I was just curious… why was the Gospel for the 5th Sunday of Easter (JN 15:1-8) was also used for today’s Gospel reading (Wednesday of the Fifth Week of Easter)?
=KD8TZC;12953356]I was just curious… why was the Gospel for the 5th Sunday of Easter (JN 15:1-8) was also used for today’s Gospel reading (Wednesday of the Fifth Week of Easter)?
I’m adding you to my daily prayer list:)
As to the reading
I can see the tie-in with the Resurrection and the “vine” being closely related. It explains how the Resurrection can be conditionally possible for us
As to why it is repeated, there are many lessons to be learned from these passages. Why we need Christ in our lives, the need to be an Informed, fully Practicing Catholic, that our actions DO have consequences are just some of the Lessons to be taught and learned from these passages.

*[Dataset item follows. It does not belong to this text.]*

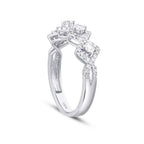 0.53 ct. Diamant Trend Ring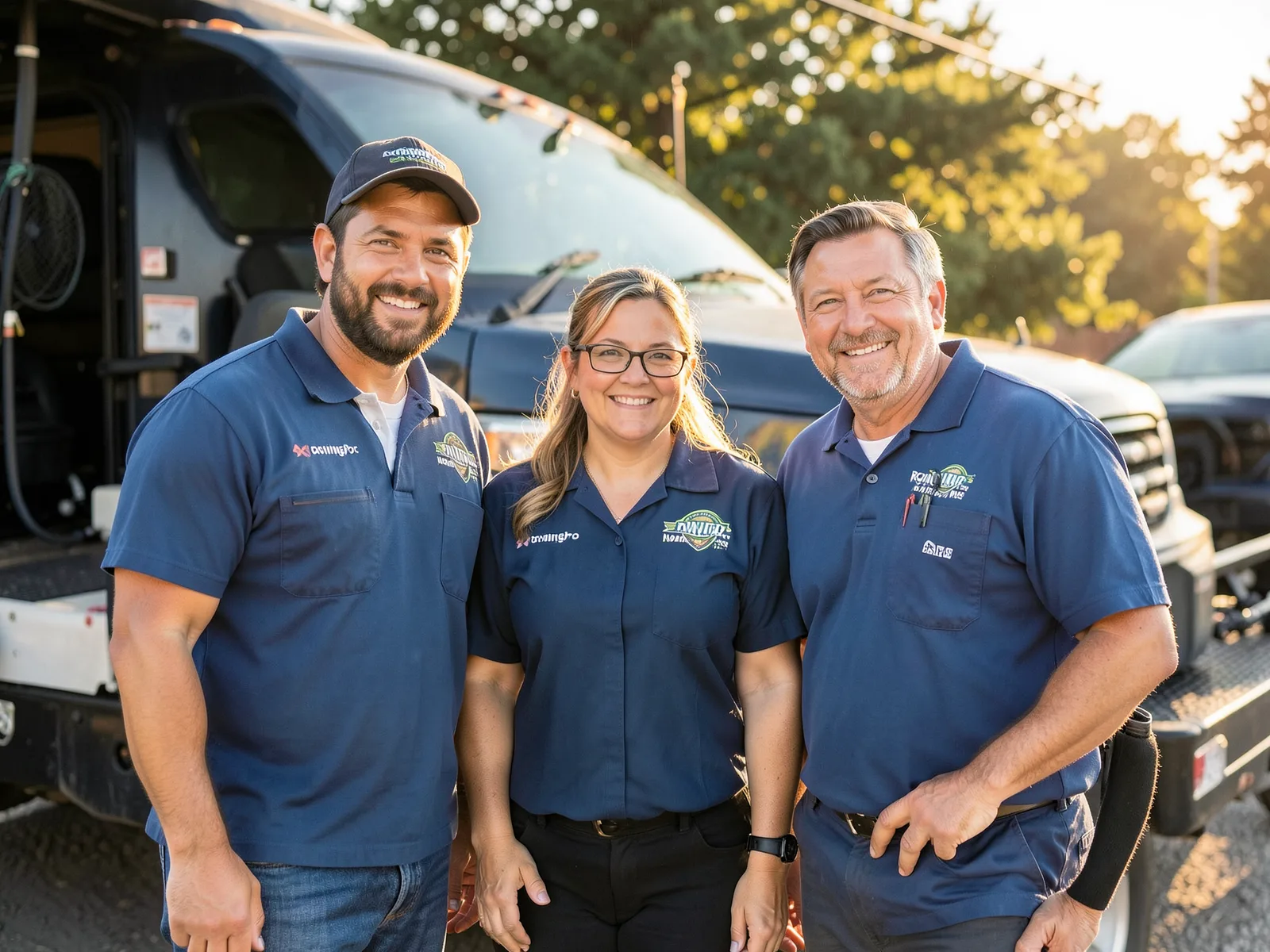 Roof Repair company in London, AR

May God Bless you; the Holy Spirit guide you and our Blessed Mother intercede for you
Seek a Peaceful resolution to your inner conflict
This does happen from time to time throughout the year, remember that we have the 3 cycles of readings for Sundays, A, B and C. So this only occurs once every three years for this particular reading.

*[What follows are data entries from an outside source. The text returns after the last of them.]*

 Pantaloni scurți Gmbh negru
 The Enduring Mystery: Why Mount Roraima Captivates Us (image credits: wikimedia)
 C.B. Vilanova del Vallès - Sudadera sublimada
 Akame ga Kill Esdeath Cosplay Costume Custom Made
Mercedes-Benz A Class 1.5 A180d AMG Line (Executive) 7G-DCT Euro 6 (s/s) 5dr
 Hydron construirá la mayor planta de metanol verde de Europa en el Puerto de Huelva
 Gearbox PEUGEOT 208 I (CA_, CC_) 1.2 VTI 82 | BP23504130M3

There are certain texts that the compilers of the Lectionary seem to think are important during certain seasons such as Easter, this seems to be one of them.

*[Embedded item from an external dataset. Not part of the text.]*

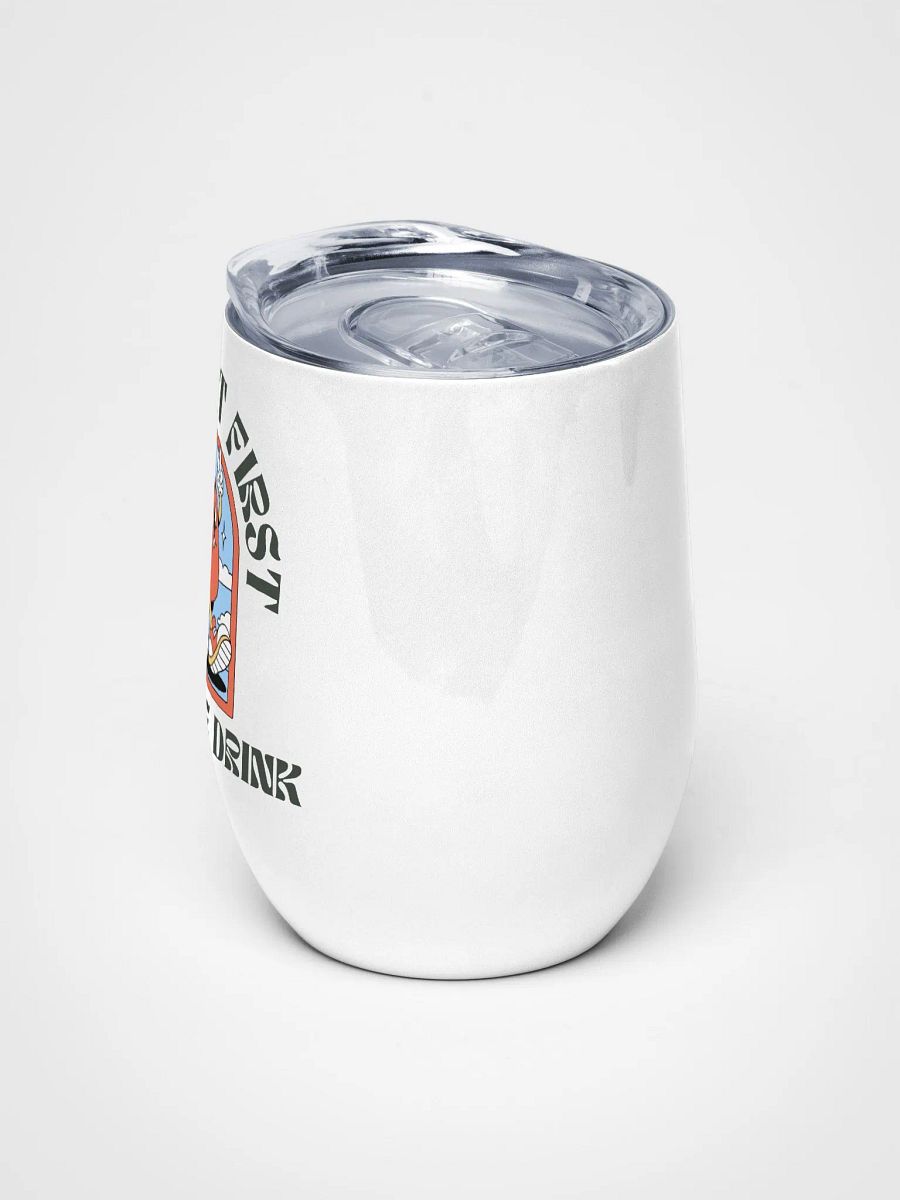 Content First Wine Tumbler product image (5)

If you wish, take a look and compare these two lists:
Index to readings for Sundays and Major Feasts
Index to readings for Weekdays
I am curious but didn’t want to spend all day on it, so I looked for identical readings only within the Gospel of John. Of those, most pairs do indeed occur within the same week. A few pairs are not even close, occurring in different liturgical seasons.
Christmas Mass during the day, Years A, B, and C
7th Day of Christmas Octave (Dec. 31), Years 1 and 2
2nd Sunday in Ordinary Time, Year B (mid-January)
Jan. 3, Christmas Weekday, Years 1 and 2
2nd Sunday in Ordinary Time, Year A (mid-January)
Jan. 4, Christmas Weekday, Years 1 and 2
2nd Sunday in Ordinary Time, Year C (mid-January)
Jan. 7 (if Epiphany is Jan. 8), Years 1 and 2
17th Sunday in Ordinary Time, Year B (around late July)
Easter, Week 2, Friday, Years 1 and 2
21st Sunday in Ordinary Time, Year B (around late August)
Easter, Week 3, Saturday, Years 1 and 2
5th Sunday of Lent, Year C
Lent, Week 5, Monday, Years 1 and 2
4th Sunday of Easter, Year A
Easter, Week 4, Monday (except Year A), Years 1 and 2
4th Sunday of Easter, Year B
Easter, Week 4, Monday (Year A)
5th Sunday of Easter, Year B
Easter, Week 5, Wednesday, Years 1 and 2
Sunday after Pentecost: Holy Trinity, Year C
Easter, Week 6, Wednesday, Years 1 and 2
There are other pairs of reading that overlap (having some verses in common). I did not count those.
It happens often…there is a reading from Mark 16 on the great commissioning a week from Sunday and it was a weekday reading just a few days back… I think it has to do with the daily mass readings being on a two year cycle and Sunday readings on a 3 year, so occasionally there is overlap.
It does happen on occasion that readings used on Sunday are repeated during the week that follows. In fact, some years readings would repeat on Monday after being used on Sunday–in those cases, the Lectionary has an alternative reading to use.
The reason is that, typically, the Gospels on Sundays are semi-continuous in one book (During Easter, from the Gospel according to John), while the weekday Gospels are also semi-continuous (during Easter, also from the Gospel according to John). Usually the Sunday readings are the “more important” texts or ideas–and it would be odd to leave them out when in that section for the weekday texts.
But the readings as a whole are not identical. For example, Sunday of the Fifth Week of Easter (Year B) also had readings from Acts 9 and First John 3, and the Responsorial Psalm was from Psalm 22 besides the Gospel. Wednesday of the Fifth Week of Easter had a reading from Acts 15, followed by a Responsorial from Psalm 122. Taken together, these may well give a different flavor to the Gospel and its message. Sunday has examples of remaining on the vine: 1 John 3 speaks of loving in deed and truth, not just in word. Acts 9 has Barnabas doing just that for Paul, introducing him to the Jerusalem community. And today, Wednesday, Acts 15 shows a different way–when the dispute between the “Judaizers” (to use Paul’s term from Galatians) and Barnabas and Paul gets heated, they appeal to the Mother Church in Jerusalem for a judgment–so they remain “on the vine” as part of the universal Church.
This is one example of how different interpretations of one text may be suggested by the different contexts we read them in.
Thanks all… that’s sort of what I figured, but it just seemed strange that it repeated so quickly.
I wonder how many priests used the same homily that they did on Sunday.